> [YOUR INSTRUCTIONS] With pictures omitted, output the records below exactly as they appear.

##### DATA

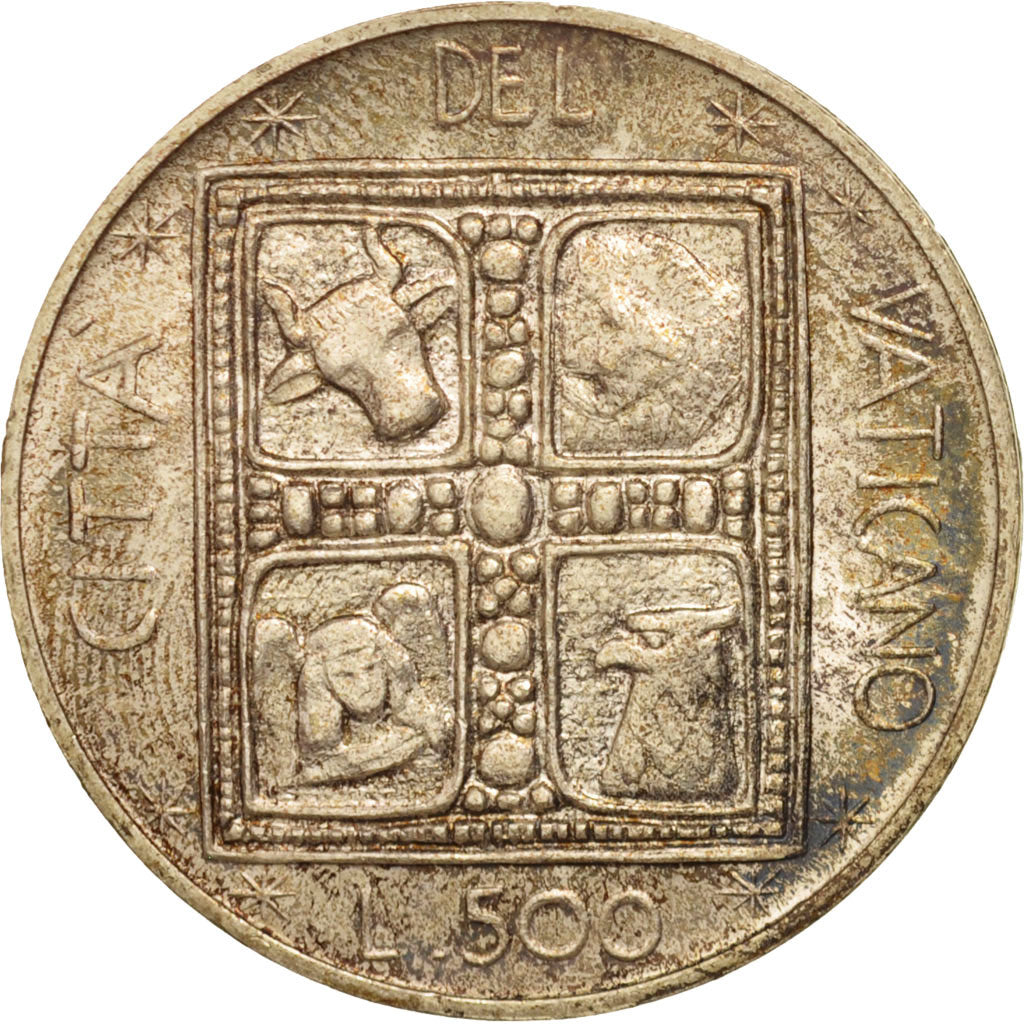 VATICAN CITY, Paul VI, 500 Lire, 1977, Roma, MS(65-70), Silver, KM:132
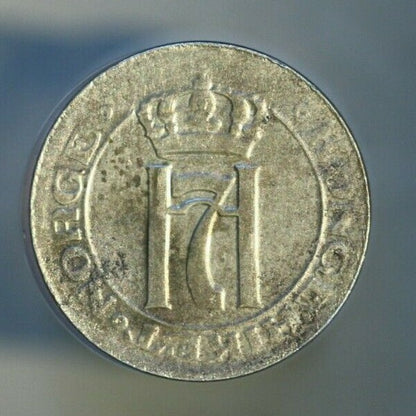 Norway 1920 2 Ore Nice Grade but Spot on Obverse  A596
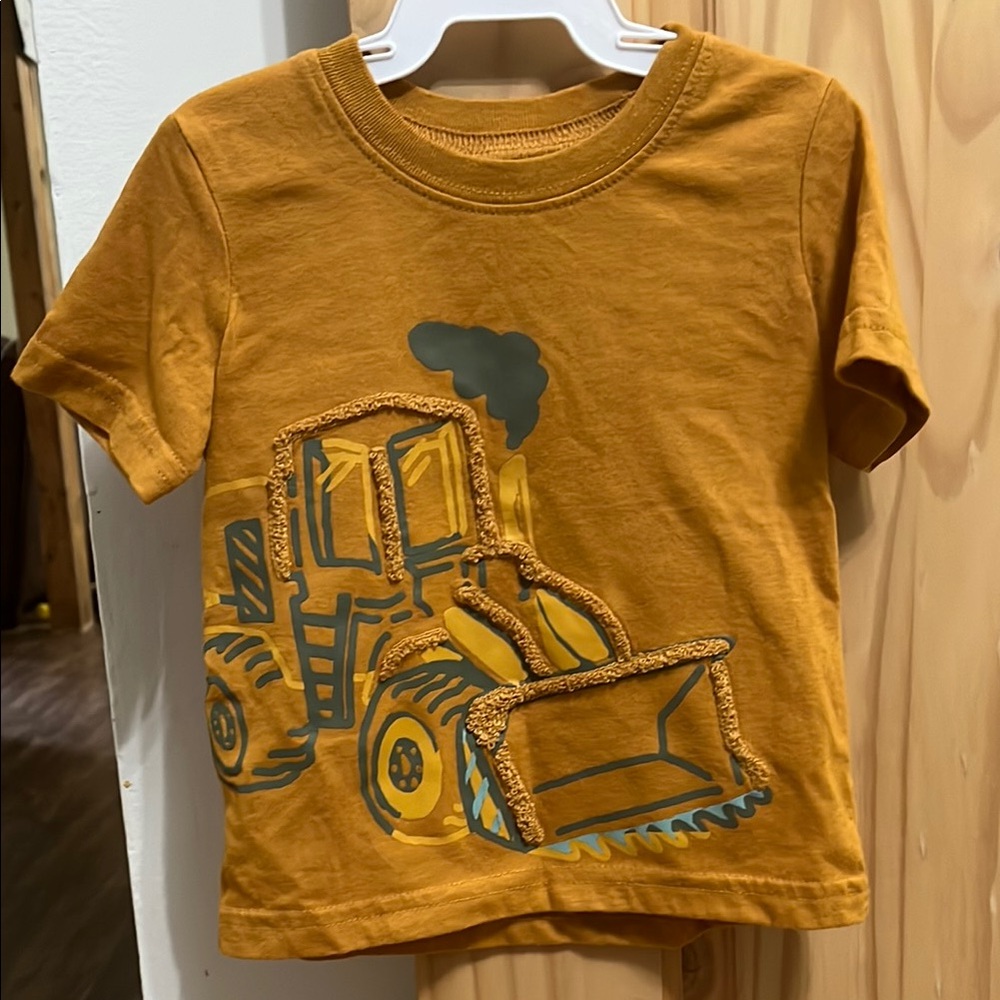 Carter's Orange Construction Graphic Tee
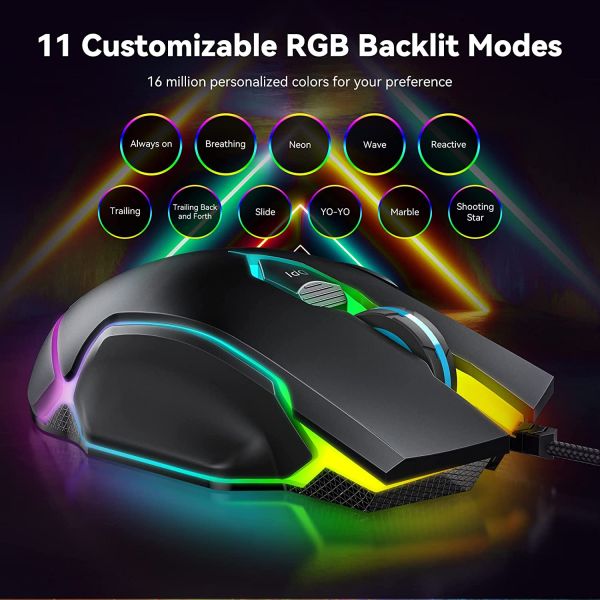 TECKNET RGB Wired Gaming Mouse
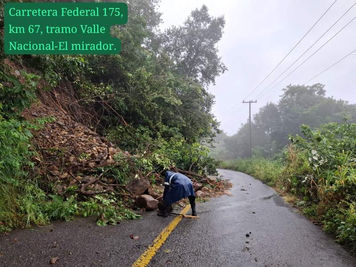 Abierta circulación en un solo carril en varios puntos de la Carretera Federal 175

##########

> [ANSWER AREA]
 VATICAN CITY, Paul VI, 500 Lire, 1977, Roma, MS(65-70), Silver, KM:132
 Norway 1920 2 Ore Nice Grade but Spot on Obverse  A596
 Carter's Orange Construction Graphic Tee
 TECKNET RGB Wired Gaming Mouse
 Abierta circulación en un solo carril en varios puntos de la Carretera Federal 175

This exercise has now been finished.